Former West student skis to north pole in 55 days

John Huston, a 1995 graduate, spoke at Freshmen Orientation about dedication and perseverance

Huston almost gave up skiing to the north pole but credits believing in himself as motivation to finish. Picture courtesy of Mr. Huston.

Huston almost gave up skiing to the north pole but credits believing in himself as motivation to finish. Picture courtesy of Mr. Huston.

As the auditorium filled with students on April 13th for their last orientation of the year, the atmosphere was notably indifferent.

However, the speaker, John Huston, proved to be compelling, motivating students to continue academic excellence for the remainder of the school year and years to come.

During his Glenbard West career, John played tennis, soccer, and ran track. He was also a participant in a club called Project Omega which provided underclassman with homework assistance and motivation. This inspired him to continue to work with kids in one way or another for nearly twenty years.

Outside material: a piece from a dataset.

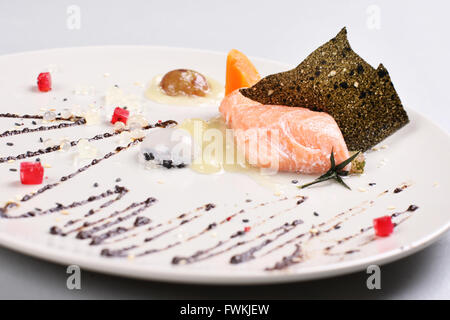 Geräucherter Lachs und Soße gekocht von Molekularküche technic Stockfoto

Mr. Huston graduated from Glenbard West in 1995 as a fairly average student, but went on to become the first American to ski unsupported to the North Pole along with his companion Tyler Fish. The stories of his expedition were intriguing while also carrying a deeper message for students. It taught him “that every human being has an incredible capacity to endure hardship and challenges and ultimately succeed.”

John Huston strongly believes in his four steps to achieving goals: pursue passions, commit to the goal, prepare diligently, and believe. With these steps in mind, he encourages students everywhere to push themselves and “go the distance” to not only achieve but excel.

Weeks into his trip, only hours from the north pole, John and Tyler were ready to give up; they were attempting to function on about 3 hours of sleep per night and the winds were pushing them off course. They called their expedition director to officially surrender to the unforgiving environment and be brought home, but their wise director refused to let the duo give up.

In a final burst of energy, they pushed to the end and arrived just six hours before their deadline, 55 days into the expedition.

Mr. Huston’s journey is applicable to West students in a smaller way. Just like their expedition director, students rely on teachers, parents, and friends to push forward, but at the end of the day, they must be the ones to push themselves to achieve.

The orientation proved to resonate with students. Freshman Kailey Schmidt commented, “[The presentation] was an inspiring story about achieving goals and preserving through the hard times.”

Fellow freshman, Marybeth Feeley and David Morof concurred with her sentiment. Marybeth said, “The presentation was really cool along with having a good message” while David “felt inspired by the speaker because it showed [him] that things that seem impossible are attainable.”

It is clear that John Huston was able to truly inspire West’s students: “[I]t is impossible to know what your future will be, [so] [d]ream big, work hard, and enjoy the journey,” Huston said.